The Alpha Reads: A Short Story by Eva Fairwald

Please keep in mind, that all of the comments made in this review are directed at the story, and should not be taken as a direct insult to the author. My intent is to fairly review the story I have read, but unfortunately, to review a story fairly is not synonymous with flattery. If Eva Fairwald – the author of Immortals: A Trusting Darkness Story sees this review, I hope she will take the comments on board in the spirit that they are intended: As a constructive critique to improve the quality of her work in the future.

The offered short piece begins with a brief summary. Immortality can be granted with the consumption of apples, raised by an Elvish caretaker named Iðunn in a place called the Sacred Garden. The story takes place in a time when the sanctity of this apple orchard is threatened by an army of brutal human soldiers, intent on waging an eternal campaign of conquest.

The story begins with beautiful descriptions that really draw me into the world, so that I feel like I am standing in the center of this garden with Iðunn. Unfortunately, that’s where the description ends, because what follows is the introduction of characters that have not been given much development.

For example, there’s Harold, who is a prince, and is apparently a bit of a downer. I find myself strangely identifying with this character, as he appears to be a half-empty kind of guy, whose portents turn out to be not so far off the mark. But just as quickly as he is introduced, the wife that he appears to be pining for appears seemingly out of nowhere to rescue her prince in the nick of time.
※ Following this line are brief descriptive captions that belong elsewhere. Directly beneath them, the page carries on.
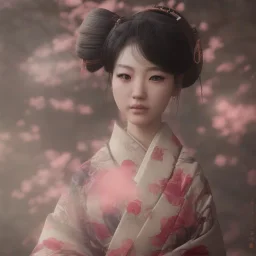 mulher japonesa maravilhosa, pouco gorda, rosto muito detalhado, vestindo roupa geisha, efeito de névoa, efeito de partículas,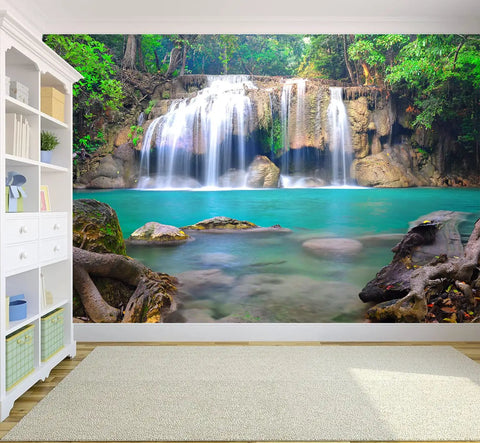 Epic Deep Forest Waterfall Wall Mural Peel And Stick Self Adhesive Wallpaper Large 141.7 By 98.4 Inches Six Panel Set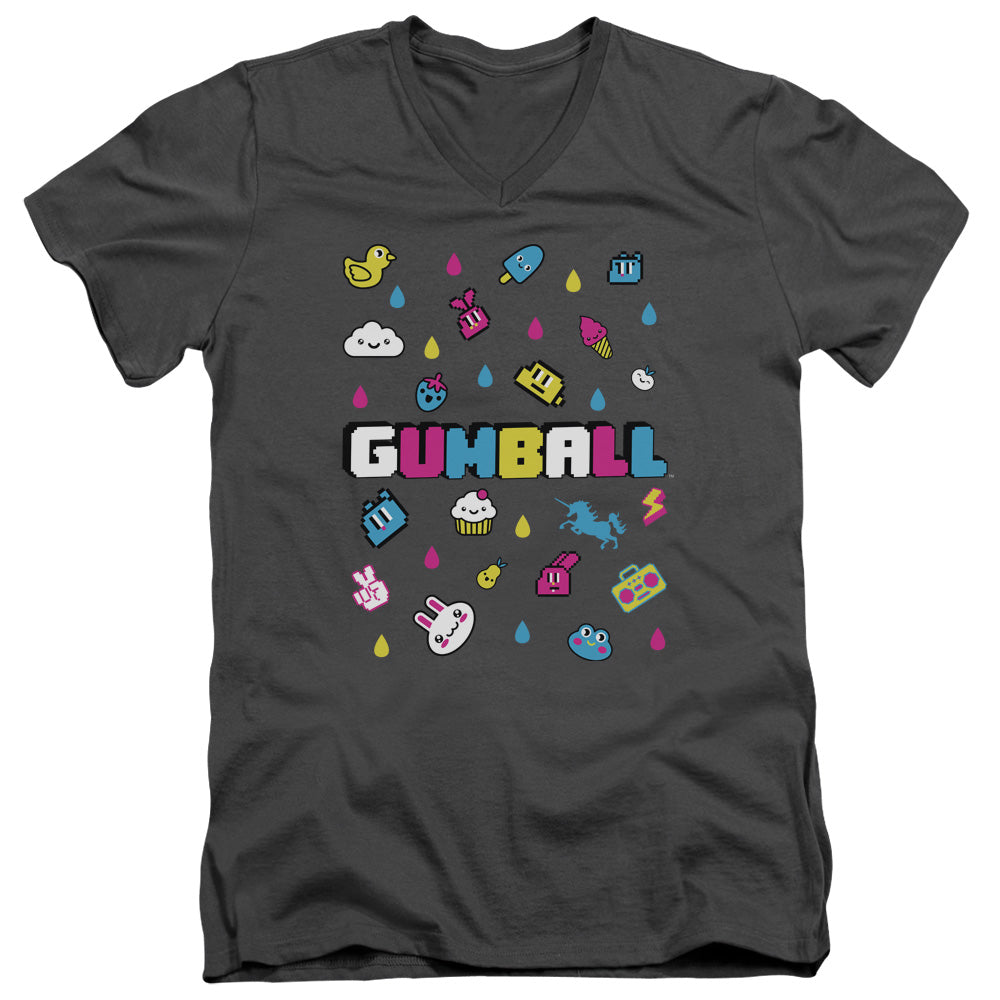 Amazing World Gumball Fun Drops Slim Fit V Neck Charcoal T-Shirts, Hoodie, Sweatshirt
A lot of this information is conveyed in the form of blocks of dialogue, where it is easy to forget who is speaking. I know that in the beginning of a conversation between two people, you don’t have to remind us specifically who is speaking at each turn, but it helps to use action and descriptive text to remind the reader that these aren’t just talking heads.
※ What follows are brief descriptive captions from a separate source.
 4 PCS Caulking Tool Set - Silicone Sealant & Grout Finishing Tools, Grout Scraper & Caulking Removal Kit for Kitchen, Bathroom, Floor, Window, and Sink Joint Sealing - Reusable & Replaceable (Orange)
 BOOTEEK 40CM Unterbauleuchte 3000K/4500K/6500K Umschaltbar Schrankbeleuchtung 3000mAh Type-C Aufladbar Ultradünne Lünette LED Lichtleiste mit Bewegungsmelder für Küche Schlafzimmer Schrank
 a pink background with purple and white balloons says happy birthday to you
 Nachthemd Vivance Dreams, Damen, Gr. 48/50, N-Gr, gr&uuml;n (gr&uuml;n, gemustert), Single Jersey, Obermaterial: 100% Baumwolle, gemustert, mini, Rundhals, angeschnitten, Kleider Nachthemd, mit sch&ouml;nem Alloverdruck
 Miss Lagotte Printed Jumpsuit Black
The writing also suffers from a number of run-on sentences. My overall impression is that the author is either not that experienced with writing short stories, or that stories with multiple characters are her weakness. Either of these things can be improved upon, of course.

Whenever any artist offers free work – be it writing, music, or painting – you should definitely be grateful for the gesture. Unfortunately, this short story is intended as a sampler for the author’s full novels and the quality of the piece does not make me eager to open my wallet.